Figure 7. In vivo P2Et treatment delays tumor growth in the spontaneous Tyr::Nras melanoma model. (A) Tumor growth curve of Tyr:N-RasQ61K transgenic mice treated with PBS or P2Et. Data are represented as the mean ± SEM. (B) Kaplan-Meier survival curves of Tyr::N-Ras transgenic mice treated with PBS (n = 7) or P2Et (n = 8). The differences between groups in tumor growth and survival were not statistically significant.

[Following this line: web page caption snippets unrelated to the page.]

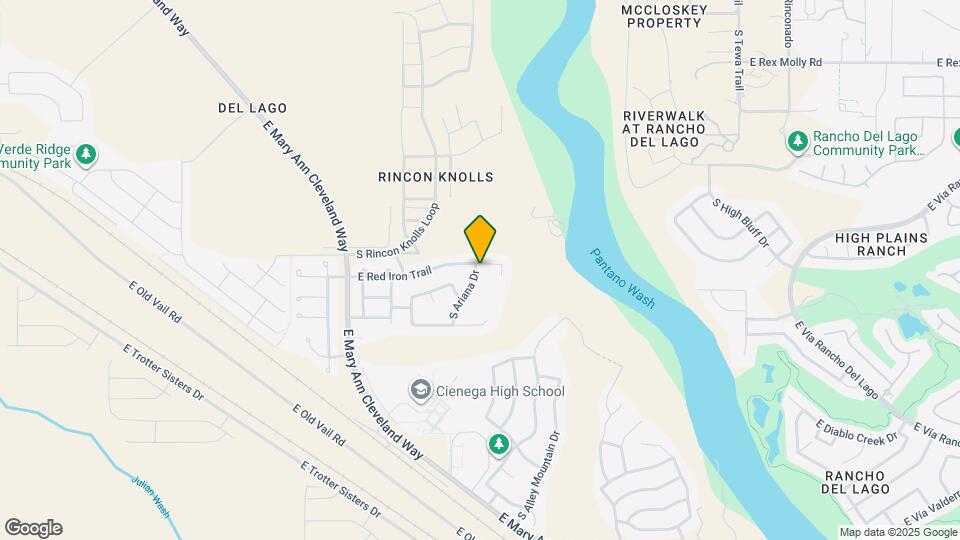 12878 E Red Iron Trail Map and Location Details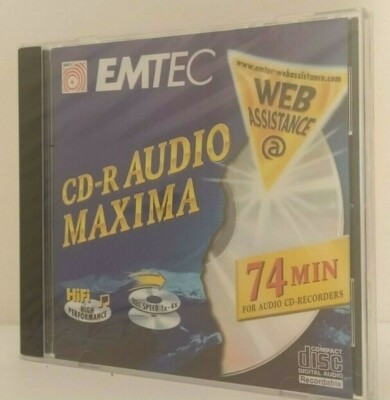 JVC Crystal MiniDisc 74 min – Neuf et scellé (couleur au choix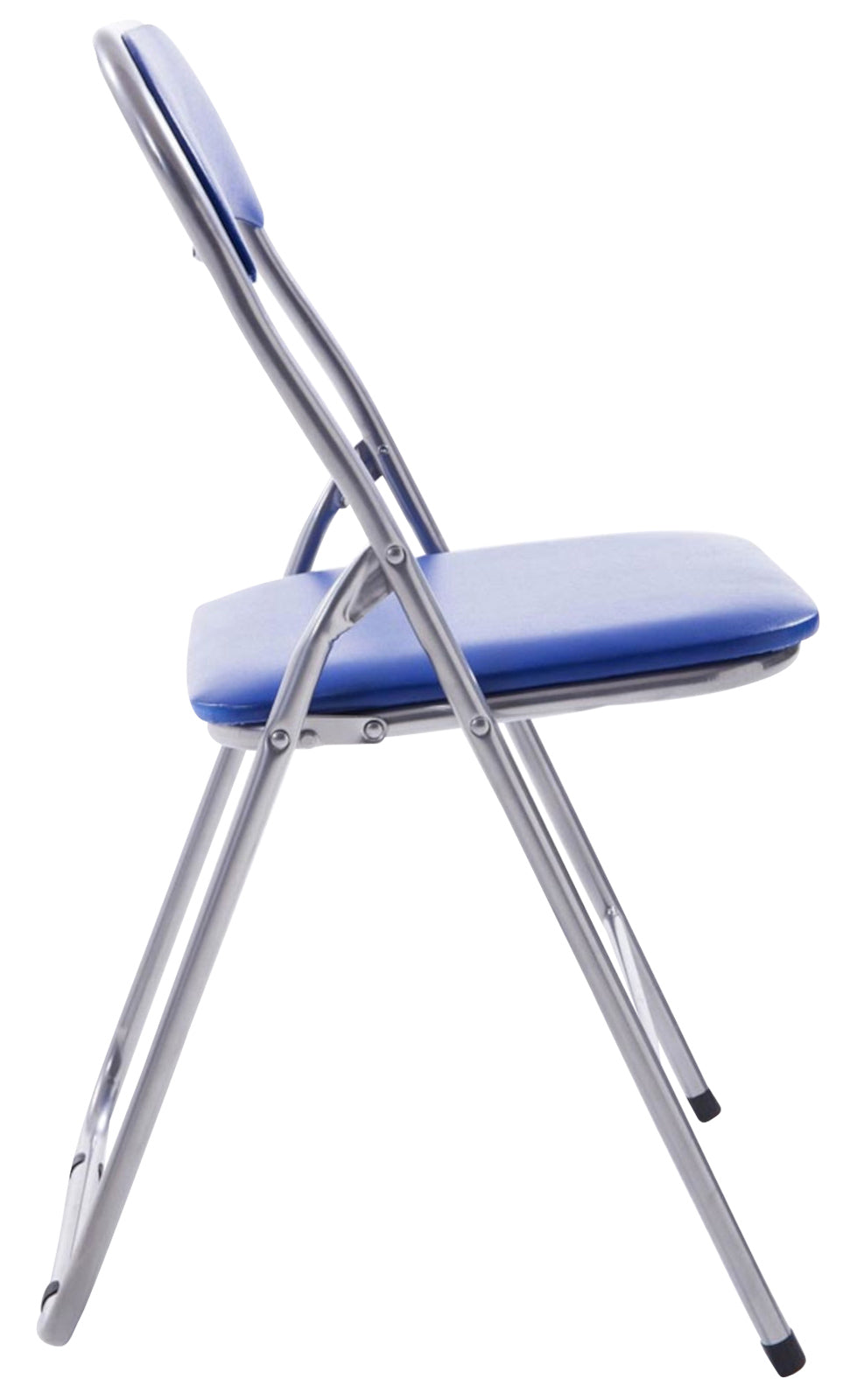 2er Set Klappstuhl Felix - blau/silber by Dropshipping-Europe – Möbel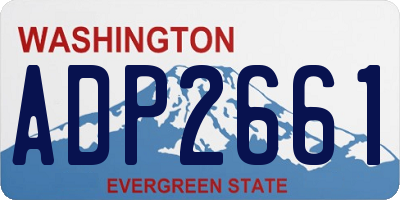 WA license plate ADP2661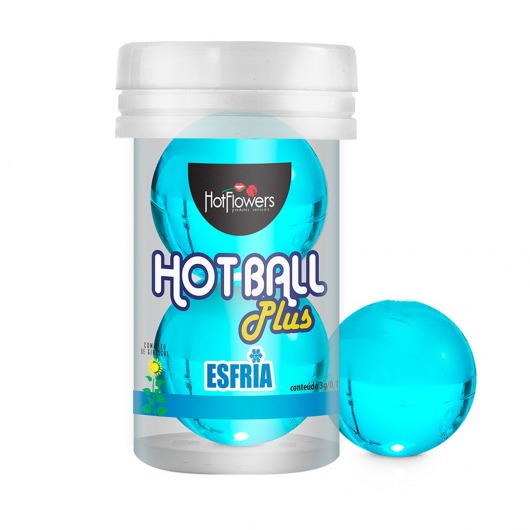 Лубрикант на масляной основе Hot Ball Plus с охлаждающим эффектом (2 шарика по 3 гр.) - HotFlowers - купить с доставкой в Рязани
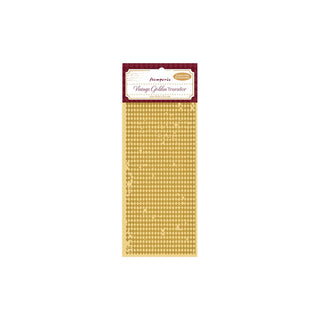 Stamperia Sticker Decal, 10cmX21cm, Golden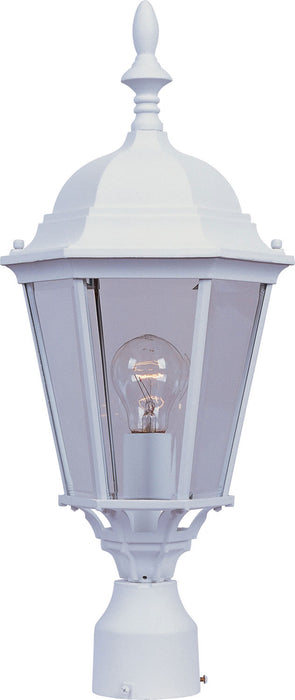 Maxim 1005WT Westlake One Light Outdoor Pole/Post Lantern, White Main Image.jpg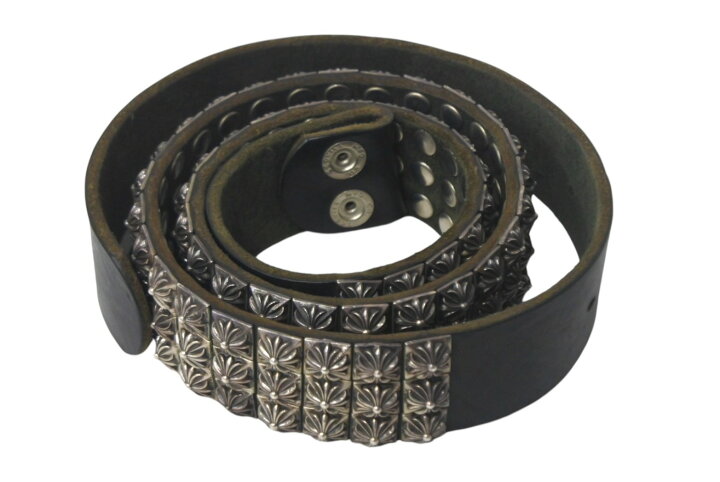 楽天市場】CHROME HEARTS クロムハーツ TRIPLE ROW PYRAMID STUDS 3連  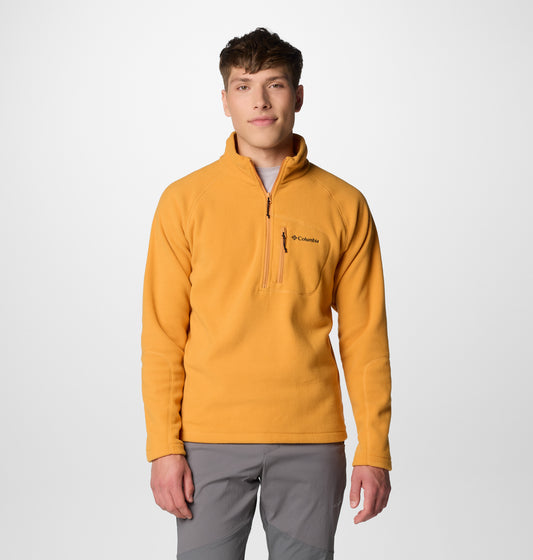 Columbia Men Orange Fast Trek III Half Zip Fleece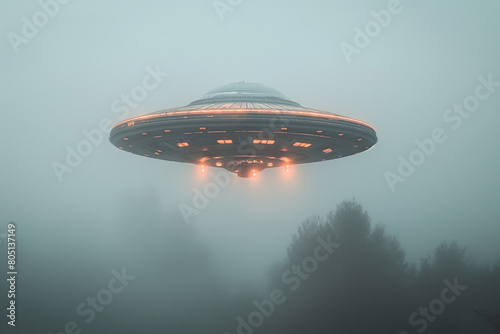 World UFO Day, Unidentified object flies in the sky
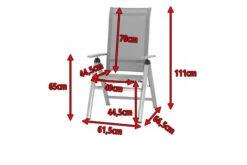 MWH Fabulo Multipositionssessel, Silber/hellgrau, Alu/Textil, 67 X 62 X 111 Cm, Klappbar 10 MWH Fabulo Multipositionssessel, Silber/hellgrau, Alu/Textil, 67 X 62 X 111 Cm, Klappbar -Aerocove Gartenlounge Geschaft 5 13445.jpg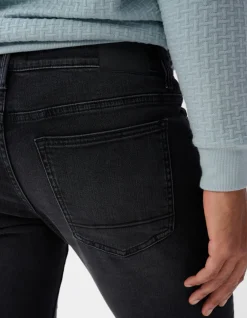 Shoeby Slim Fit Jeans Washed Black L32<Heren Jeans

Polyphenols are widely present in food and beverages of plant origin. Numerous studies have focused on the antioxidant properties of polyphenols, but the beneficial effect of antioxidants in vivo remains controversial (28). Despite years of research, the value of antioxidants in the prevention and treatment of cancer is not yet clear, and it could not yet be determined whether antioxidants act as protective or pro-tumorigenic agents. These inconsistencies appear to be due to multiple factors, including the dose and type of antioxidant, route of administration and tumor type (29).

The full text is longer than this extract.